Silver Buffaloberry Production in Manitoba


The buffaloberry (Sheperdia argentea Nutt.) is native to Canada and belongs to the family Oleaster. Buffaloberry is a large shrub or small tree which grows up to 16 feet (5 m). The plant is dioecious meaning there are separate male and female plants. The branches are spine tipped which can make working with the tree difficult.


Buffaloberries have many uses in jams, jellies, dried, frozen, fresh in salads, ice cream, and drinks.

Site Selection/ Spacing/Rooting Depth

Buffaloberry like other small fruit requires a well-drained, deep loam soil which contains greater than one percent organic matter. Buffaloberry is salt and drought tolerant and will tolerate spring flooding. A soil pH of between 5.5 and 7.5 should be suitable for growing pincherries.

Plants should be spaced six feet (2 m) between plants and 15 feet (4.5 m) between rows to aid mechanical harvesting. Detailed information about rooting depth is not known, however, because the plants like a moist environment it is likely they are not deep rooted. Buffaloberry is a nitrogen fixing plant.

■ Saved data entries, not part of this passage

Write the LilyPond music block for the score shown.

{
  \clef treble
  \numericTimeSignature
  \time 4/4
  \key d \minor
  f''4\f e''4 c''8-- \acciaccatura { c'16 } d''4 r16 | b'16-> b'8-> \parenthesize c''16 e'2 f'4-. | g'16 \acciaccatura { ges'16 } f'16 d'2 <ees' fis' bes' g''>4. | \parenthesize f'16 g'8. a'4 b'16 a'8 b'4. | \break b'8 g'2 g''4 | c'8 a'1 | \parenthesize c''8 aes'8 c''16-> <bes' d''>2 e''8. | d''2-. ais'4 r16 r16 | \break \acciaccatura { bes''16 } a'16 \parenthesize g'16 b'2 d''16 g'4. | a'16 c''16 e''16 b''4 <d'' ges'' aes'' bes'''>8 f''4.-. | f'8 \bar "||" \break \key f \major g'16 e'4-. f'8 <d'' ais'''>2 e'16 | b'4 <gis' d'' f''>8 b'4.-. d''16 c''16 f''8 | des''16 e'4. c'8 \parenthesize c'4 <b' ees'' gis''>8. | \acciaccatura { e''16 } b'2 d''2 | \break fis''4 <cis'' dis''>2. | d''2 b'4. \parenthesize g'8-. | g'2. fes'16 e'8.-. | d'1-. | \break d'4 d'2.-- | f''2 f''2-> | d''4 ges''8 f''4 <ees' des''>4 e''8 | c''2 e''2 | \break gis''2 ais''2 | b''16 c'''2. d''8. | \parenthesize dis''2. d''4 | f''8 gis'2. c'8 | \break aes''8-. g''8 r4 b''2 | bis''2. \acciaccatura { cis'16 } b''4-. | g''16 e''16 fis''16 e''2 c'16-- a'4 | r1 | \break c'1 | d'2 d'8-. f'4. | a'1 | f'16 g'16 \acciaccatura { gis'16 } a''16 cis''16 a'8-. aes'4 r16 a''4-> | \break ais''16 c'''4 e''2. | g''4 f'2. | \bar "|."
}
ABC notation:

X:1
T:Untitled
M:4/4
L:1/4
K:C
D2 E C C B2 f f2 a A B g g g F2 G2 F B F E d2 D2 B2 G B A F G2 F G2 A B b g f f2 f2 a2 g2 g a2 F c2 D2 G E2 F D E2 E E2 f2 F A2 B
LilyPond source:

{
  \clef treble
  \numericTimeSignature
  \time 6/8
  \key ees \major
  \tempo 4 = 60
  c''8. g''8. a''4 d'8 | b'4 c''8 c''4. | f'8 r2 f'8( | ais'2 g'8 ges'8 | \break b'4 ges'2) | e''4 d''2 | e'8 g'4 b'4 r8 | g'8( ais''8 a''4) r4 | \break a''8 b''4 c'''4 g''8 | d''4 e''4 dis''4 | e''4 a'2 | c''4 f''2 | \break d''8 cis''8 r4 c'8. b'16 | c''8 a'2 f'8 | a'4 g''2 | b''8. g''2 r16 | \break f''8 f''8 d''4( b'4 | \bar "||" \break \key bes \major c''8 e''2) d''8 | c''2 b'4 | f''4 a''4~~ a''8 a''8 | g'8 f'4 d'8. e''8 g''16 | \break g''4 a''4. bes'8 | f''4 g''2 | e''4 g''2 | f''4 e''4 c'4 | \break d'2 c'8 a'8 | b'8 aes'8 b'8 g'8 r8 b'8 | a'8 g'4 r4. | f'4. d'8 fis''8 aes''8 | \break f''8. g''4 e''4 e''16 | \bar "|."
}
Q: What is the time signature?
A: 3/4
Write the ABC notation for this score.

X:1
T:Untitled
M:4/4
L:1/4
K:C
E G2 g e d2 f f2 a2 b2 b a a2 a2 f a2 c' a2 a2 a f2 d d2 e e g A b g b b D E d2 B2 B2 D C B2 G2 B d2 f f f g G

Harvesting/Nutritional Value

The fruit ripens in late summer and should be picked slightly under ripe when making jellies because of the higher pectin levels. The fruit is bright red when ripe and 0.2 to 0.4 inches (6 to 9 mm) in diameter with a single flat seed inside. When eating fresh, fruit should be harvested after a light frost which tends to make the fruit more sweet. The fruit can be harvested by laying sheets under the tree and shaking it, or by hand. It is presumable that mechanical harvesters could be used. The nutritional value of the fruit has not been determined but it does contain many vitamins and minerals.

Note: Large quantities of buffaloberry should not be consumed because the berries contain a substance called saponin which causes irritation of the digestive system. However, small amounts can be consumed with little risk.


As the orchard ages the trees will require regular pruning.